--- START ---

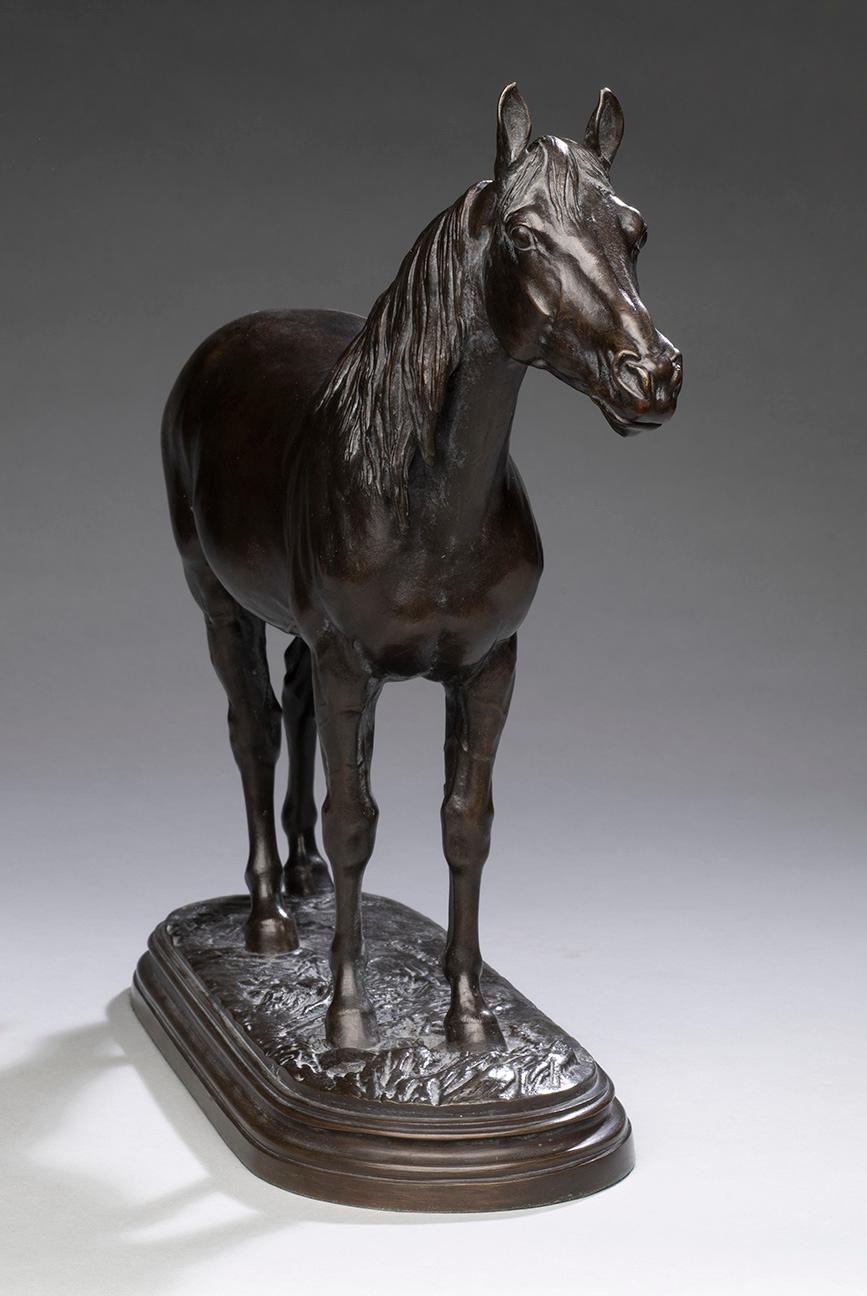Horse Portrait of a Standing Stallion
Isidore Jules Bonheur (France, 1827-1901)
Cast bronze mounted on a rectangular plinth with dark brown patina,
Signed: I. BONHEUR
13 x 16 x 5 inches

--- END ---

Repeat exactly the lines above from the line that contains "Cast bronze mounted" through the end. Include both of these ends; leave out everything else.

TASK RESULT –
Cast bronze mounted on a rectangular plinth with dark brown patina,
Signed: I. BONHEUR
13 x 16 x 5 inches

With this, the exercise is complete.